The matrix multiplication test shows that the languages are generally able to achieve similar performance for common operations included in most linear algebra libraries. This is unsurprising, as in these cases, the tested language serves mostly as a wrapper around said libraries.
The implementation of the test was relatively simple in all three languages, though Rust required considerable initial setup to get its library to use the BLAS backend. R and Python/Numpy worked effectively out of the box.
The Pearson Correlation test shows a stark difference between the languages, as Rust outperforms R and Python by over an order of magnitude. This is likely because, unlike in the previous test, the functions provided by the underlying linear algebra libraries could not easily be wrapped to implement the desired result, and large parts of the logic had to be coded in the tested language.
Rust does however have some serious drawbacks in regard to data-science. The community and libraries feel younger and less unified than their Python and R equivalents, with many crates being unstable, and using different underlying structures, making combining their functionalities complicated. Rust's borrow checker and extensive compile time error detection, while in part responsible for Rust's speed and safety, can often slow down prototyping, and is in part responsible for the language's very limited support, which are commonly used in data-science.
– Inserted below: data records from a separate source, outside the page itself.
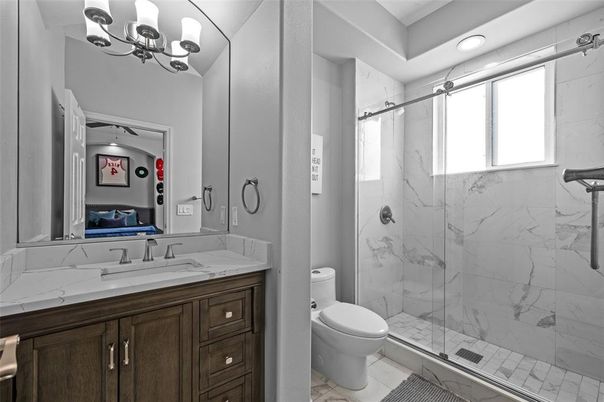Bathroom, Glass Shower, Interior, Marble, Marble Walls, Recessed Lighting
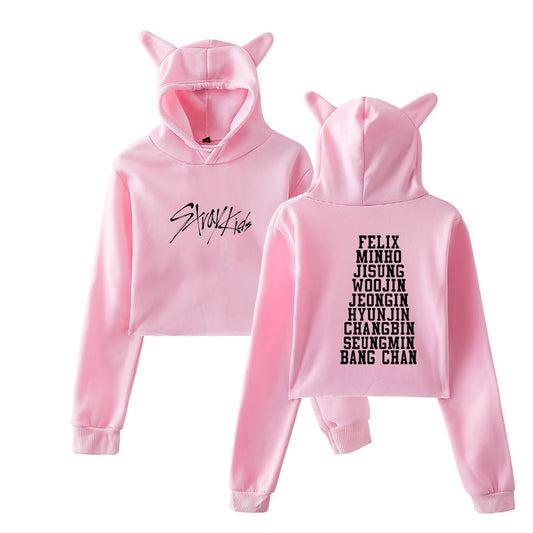 Kawaii Cat Ears StrayKids Cropped Hoodie for Women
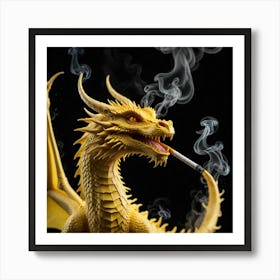 Dragon Smoking A Cigarette Art Print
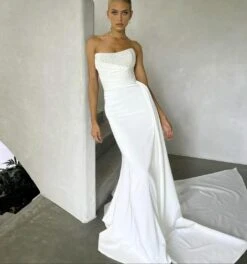 Robe De Mariée Sirène De Luxe Blanche -Soiree Blanche Boutique Robe De Mariee Sirene De Luxe Blanche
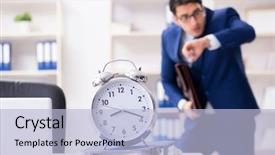  Presentation with gold rush finding panning - Slides with missed meetings - businessman in rush trying background and a light blue colored foreground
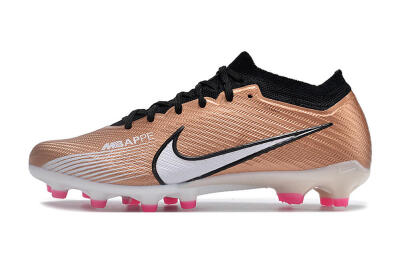 Men's Nike Air Zoom Mercurial Vapor 15 Elite AG Artificial Grass Low-Tops Football Boots - Gold/Black/White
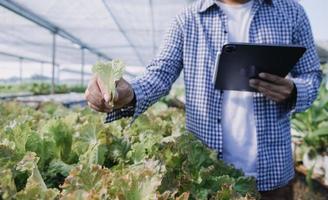 Futuristic businessman farms vegetables and crops using modern AI technology using mobile phones, temperature and humidity sensors, water tracking, climate control, holographic data data icons. photo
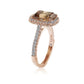 Suzy Levian Bridal Brown Cubic Zirconia with Halo Rose Sterling Silver Ring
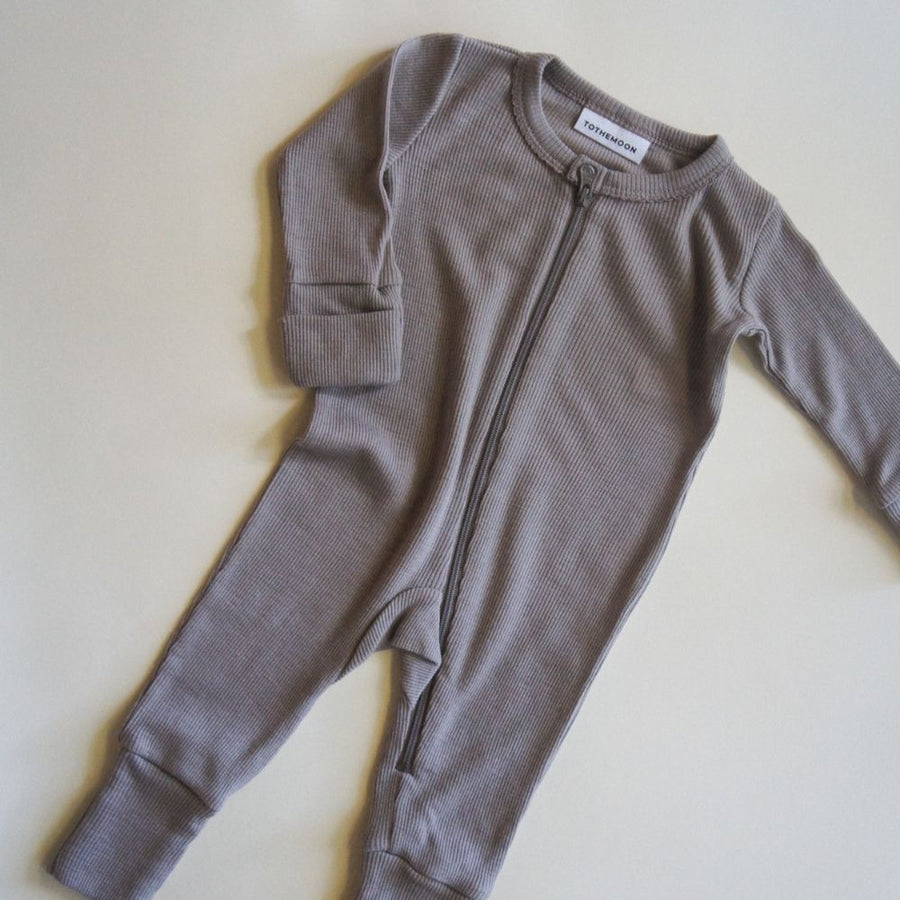 Tothemoon ☾ - Sleep suit - 2 in 1 Foot - With zipper - 100% Wool - Rib - Taupe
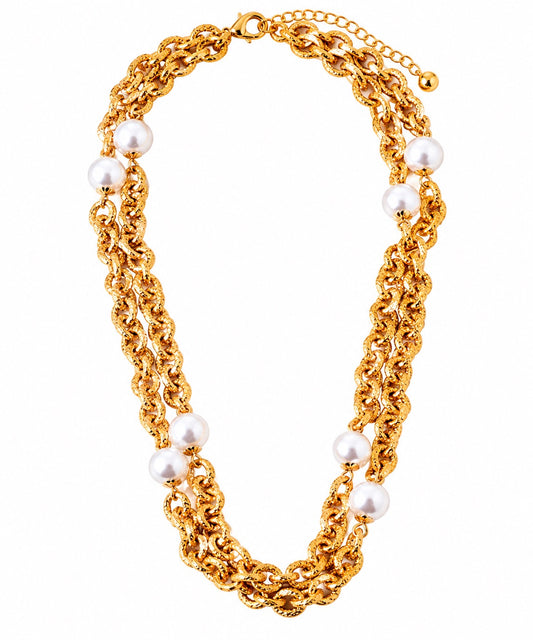 Twisted Chain and Pearl Necklace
Due to the immaturity of Rust’s community libraries in cases where performance is vital, you might want to do more in depth research before using it.
Python numpy | R | Rust ndarray | Rust ndarray - OpenBLAS | |
---|---|---|---|---|
Matrix multiplication | 96.5s | 96.28s | 48.36s | 86.82s |
Pearson correlation matrix | 7.85s | 7.98s | 0.18s | 0.64s |
Data scientists love using Python or R. These are very high level languages designed for boosting software development efficiency. The speed of writing code using these languages encourages experimentation, and testing of various ideas and solutions. These make them great tools for research and concept proving. In many cases however at some point we would like to implement the results of the research into a form of software that works at scale. Ideally we could use the same technology for the production code. Nevertheless, the question is, 'how much performance do we have to sacrifice when using interpreted languages over solutions built in low level compiled languages?' The aim of this research is to answer this question.
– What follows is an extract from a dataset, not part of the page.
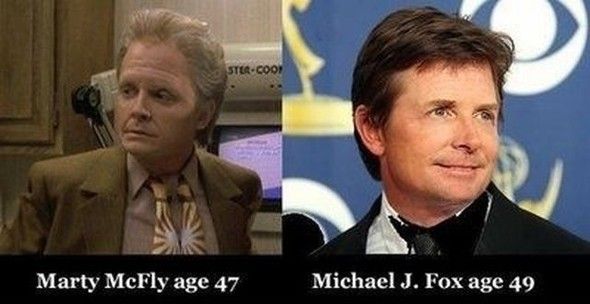 Marty McFly age 47 Michael J. Fox age 49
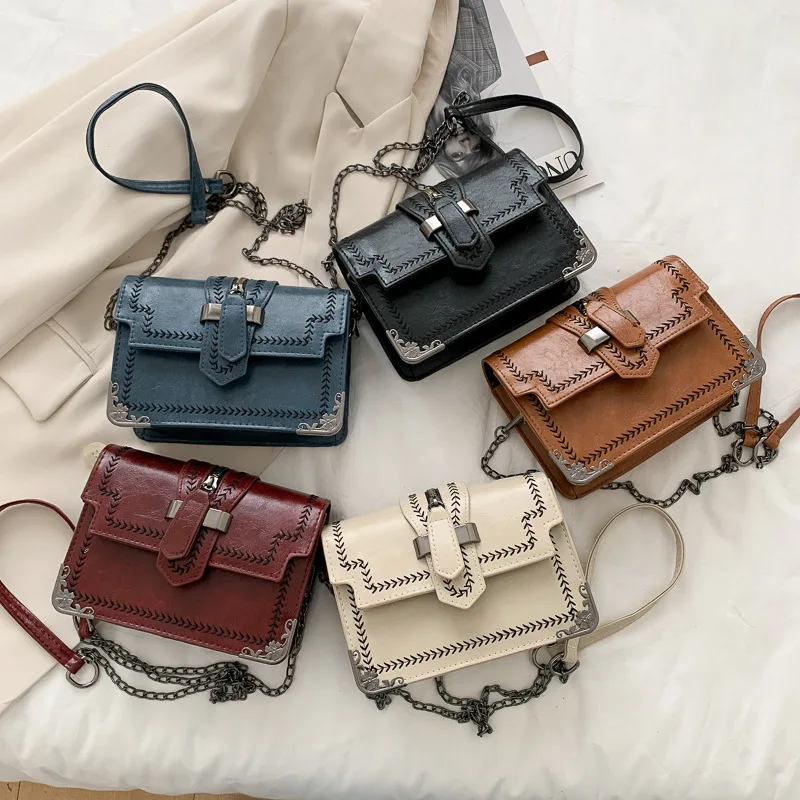 New Fashion Lady Leather Crossbody Bag Mini Ladies Purse Women Handbags Bolsas Dama Metal Chain Messenger Small Bag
As a performance oriented counterpart we were chose between C and Rust. Both are very low-level, compiled languages which don't use a garbage collector for managing memory. Both are considered as the languages that can be used to achieve the best speed. From the performance perspective we expect that both technologies can give very similar results. We chose Rust because apart from the performance benchmark we wanted to examine whether this relatively new technology achieved sufficient maturity to be used in live data science/big data projects.
Nowadays big data is quite a popular phrase within the technological field. The idea of 'big data' is to manage and process large volumes of data, while 'data science' means to interpret and analyze data.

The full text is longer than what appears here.